- Opening Delimiter -

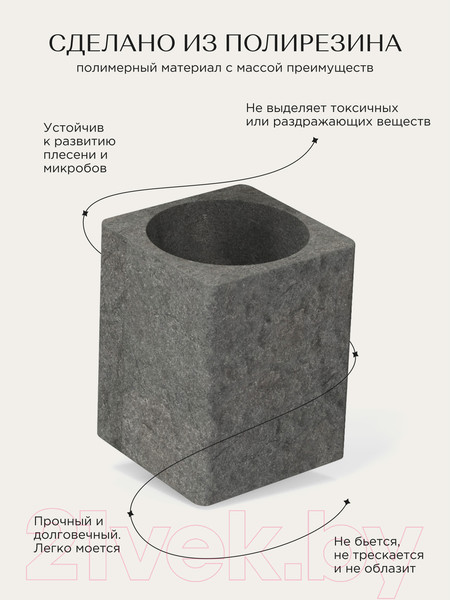 Изображение товара Ершик для унитаза FORA FOR-STN025BL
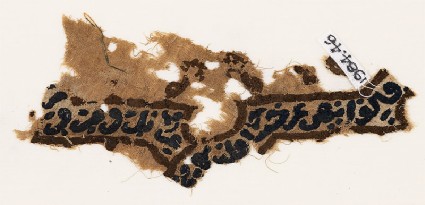 Textile fragment with inscriptionfront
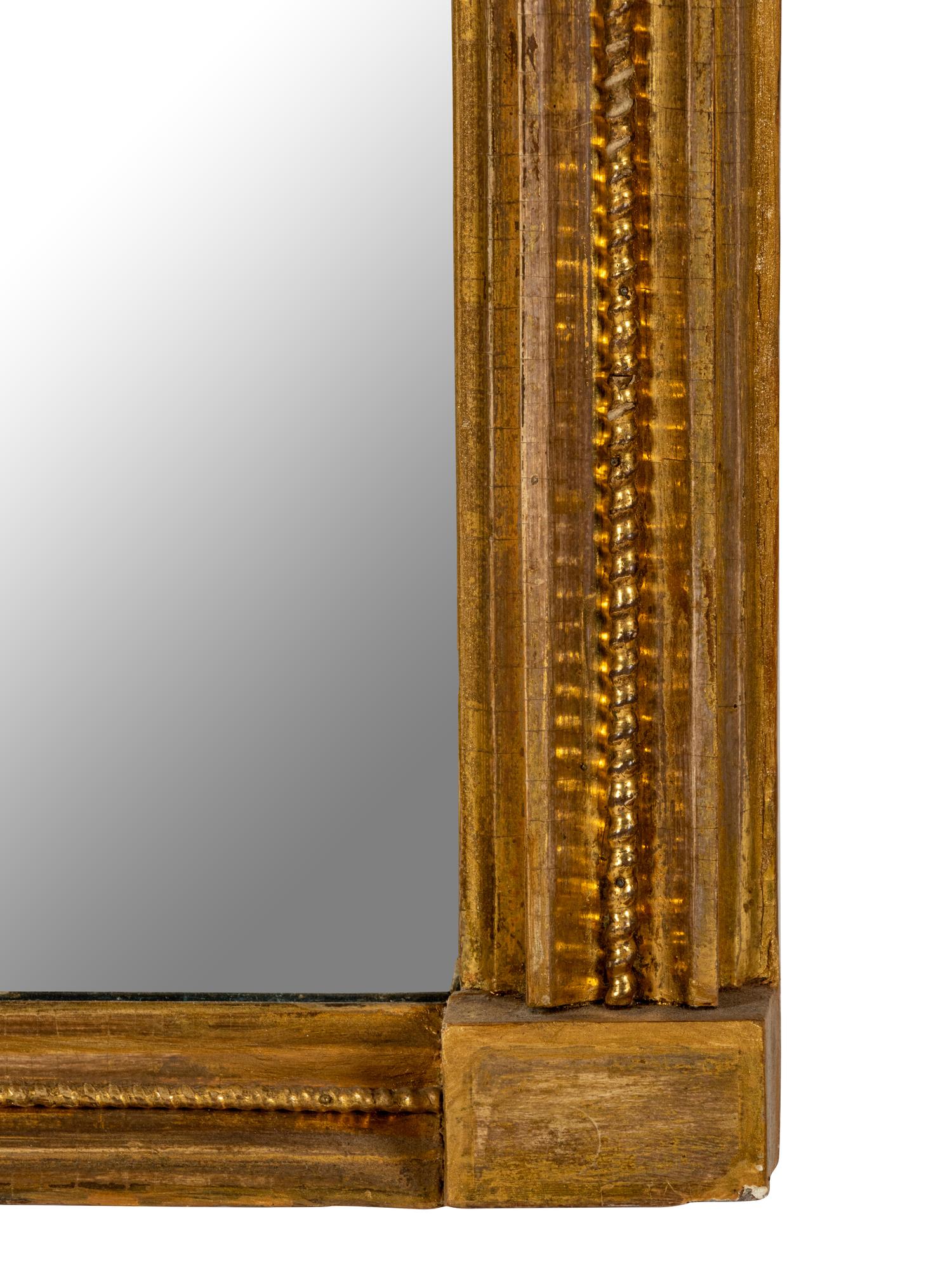 A Federal Style Giltwood Trumeau Mirror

- Closing Delimiter -

(The problem) Repeat the lines from the line containing "Textile fragment with inscriptionfront" through the end of the material above exactly, with no pictures and nothing else.

(Response to the task)
 Textile fragment with inscriptionfront
 A Federal Style Giltwood Trumeau Mirror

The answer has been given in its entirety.